Using simple bullet points that list useful information like skill names, battle coordinates, or dungeon names helps the CS team a great deal. Letting us know up front what the problem is or what needs to be investigated also helps in finding a solution quickly. Finally, we’re all passionate players, but keeping our emotions in check is always a good idea.
6. Do you have any funny stories about your time here at SEGA?
Oh yeah, we’re all hard workers, but we love to goof around on occasion to let off some steam.
Just last week, everyone in the KCII team was really amused by Mr. KC’s smug face in his interview, so we decided to project his photo onto our conference room wall as he couldn’t make it to the team meeting on that day.
We also have a company-wide meeting where someone gets nominated to do something totally not related to their job. When it was the KCII Director’s turn, he brought his personal guitar and amp, and started singing some 70’s rock music. We’ve yet to see anyone else do something so left field… and I even managed to snap a photo of him as proof!
7. Were you a gamer prior to working in the Games industry?

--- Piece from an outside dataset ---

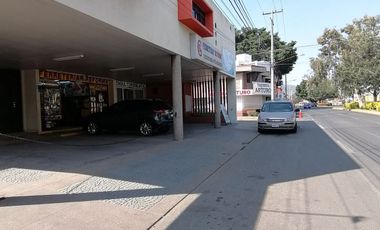 Amplio local comercial en Av. Reforma.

If so, how do you feel your perspective on games has changed since, if it has at all?
You could say that I was a gamer since I could hold a Famicom controller in my hands, and played lots of different genres since then. My perspective definitely has changed since I joined SEGA. I’m interested in the logic and thought process that people go through when they are conjuring up new monster skills and game mechanics for KCII. Whenever I play other games now, I avoid thinking if something is a “Good” or “Bad” design choice, but rather “What went on in the creator’s mind that made the game this way?”

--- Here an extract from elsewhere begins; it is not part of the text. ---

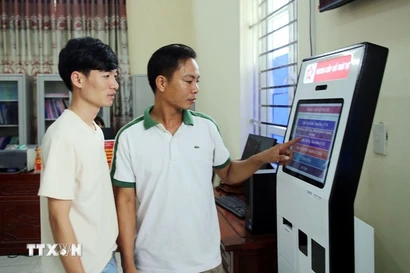 People of Yen Mo commune take a number for handling administrative procedures (Photo: VNA)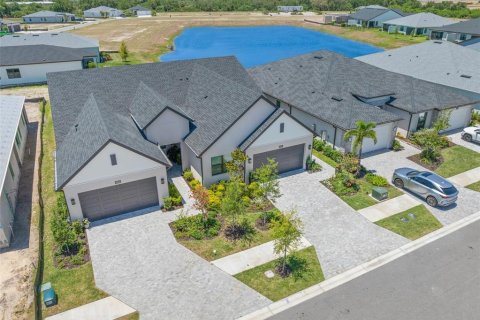 House in Apollo Beach, Florida 3 bedrooms, 167.69 sq.m. № 2223643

8. What kind of titles would you like to work on in the future?
I’m a huge fan of management simulation games that doesn’t have a big “end game” per say, and offers a lot of replay value. I’m also really into cooking, so it would be great if I had the opportunity to work on a restaurant simulation game. Aside from the typical budget management, I’d love to be able to buy different ingredients to create original dishes, or customize my restaurant down to the music it plays.
9. Lastly, if you could only play one game for the rest of your life, which would you choose? It doesn’t have to be a SEGA game, don’t worry. This won’t come up in your performance review!
Feeding off of what I said in the previous question, the “Sim City” franchise is probably my game of choice. Everyone has their favorite Sim City iteration, and I have my own, but that’ll be a secret I’ll be keeping. I just love the fact that I can make a city from nothing, tear it all down with disasters, and build it all over again.